JP3.18 The impact of aerosols on the development of a supercell storm

Wednesday, 30 June 2010
Exhibit Hall (DoubleTree by Hilton Portland)
Kyo-Sun Sunny Lim, Yonsei University, Seoul, Korea, Republic of (South); and S. Y. Hong, S. S. Yum, J. Dudhia, and J. Klemp

This study investigates the aerosol effects on the development of an idealized three-dimensional supercell storm, focusing on storm morphology and precipitation. The impact of the aerosol concentration on the simulated storm is evaluated by varying the initial cloud condensation nuclei (CCN) number concentration in the Weather Research and Forecasting (WRF) Double-Moment 6-class (WDM6) microphysics scheme. A right-moving, quasi-steady supercell with two diverging echo masses was reproduced. Storm intensity was weakened and surface precipitation was reduced in the experiment with a high CCN number concentration.
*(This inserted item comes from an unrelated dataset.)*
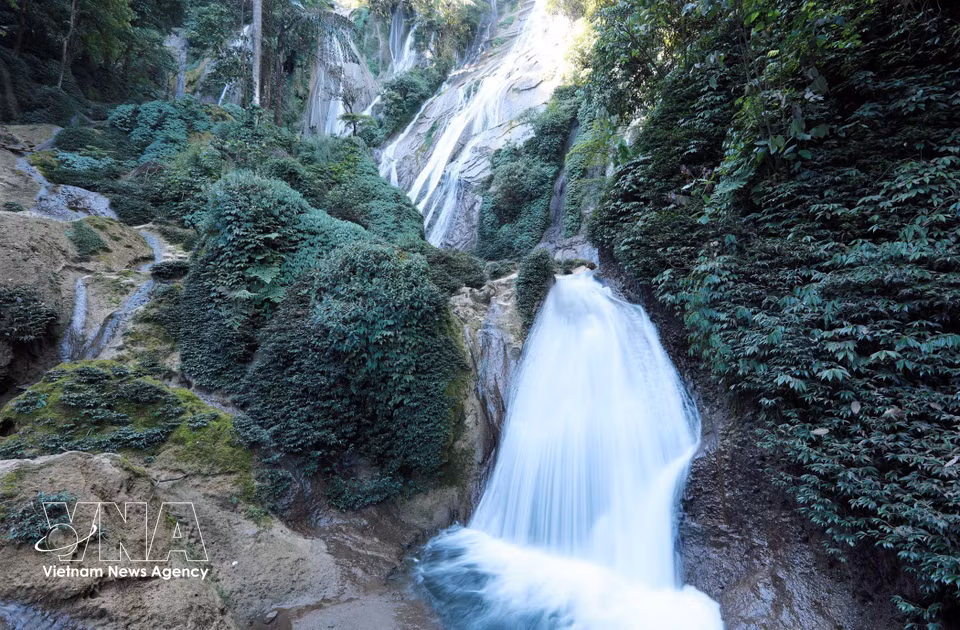 La beauté sauvage et majestueuse de la cascade de Nam Luc laisse aux visiteurs des souvenirs inoubliables. Photo : VNA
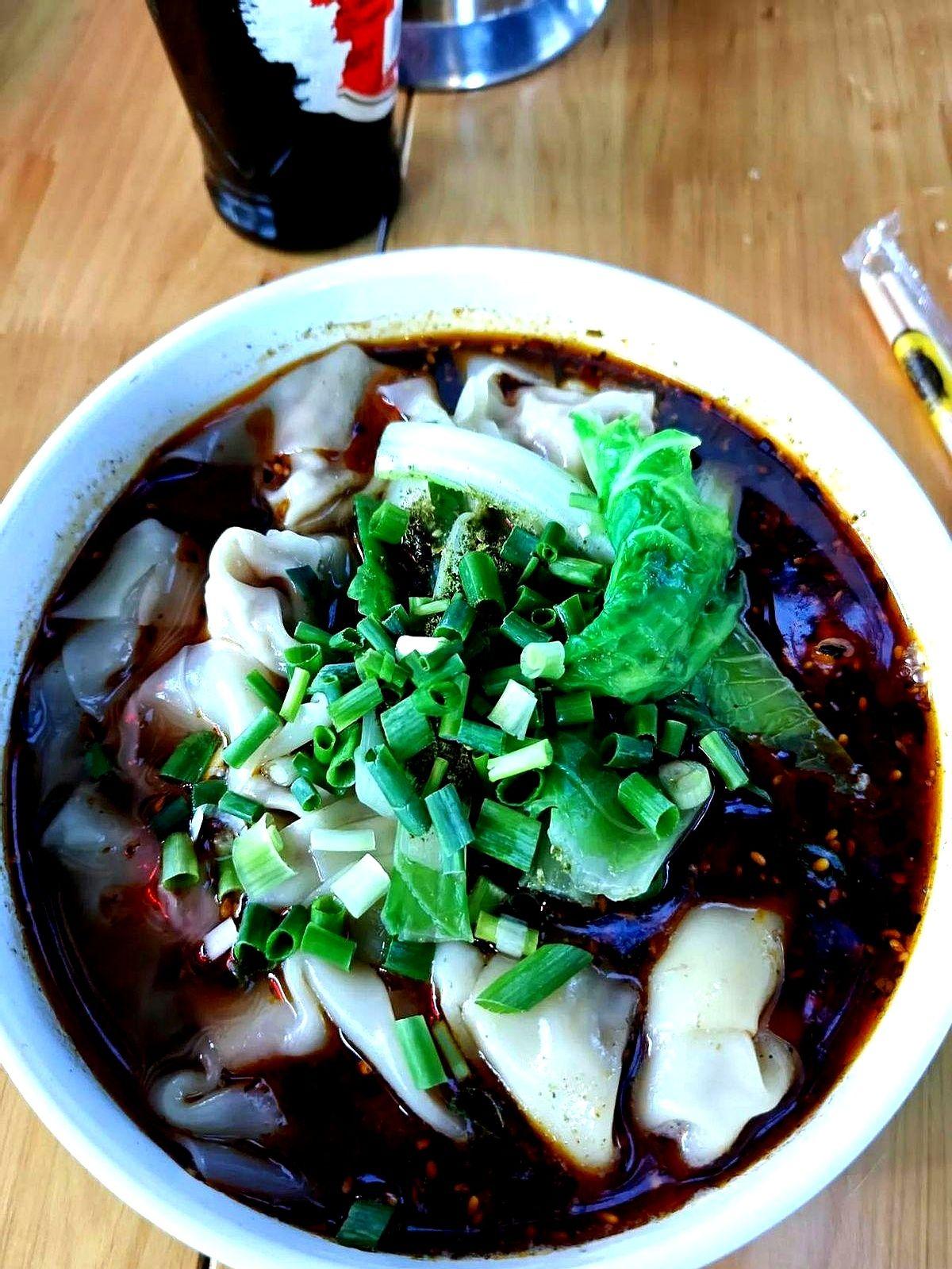 作为老板，你让这个员工走，你就敞敞亮亮的开除人家，或者协商一致。
说到这儿啊，突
On the other hand, the simulation that excluded the graupel substance produced a weaker low-level downdraft, thus less near-surface vorticity, than the simulation that included graupel. The CCN number concentrations did not affect the storm structures in the absence of graupel. In addition, the aerosol effects on the surface precipitation with respect to the initial CCN value were diametrically opposed. The major reason for the different responses to aerosol can be attributed to the exaggerated snow mass loading across the convective core when the graupel species is excluded. The results indicate that graupel species and related microphysics are crucial to the realistic representation of the aerosol-precipitation interactions within a supercell storm.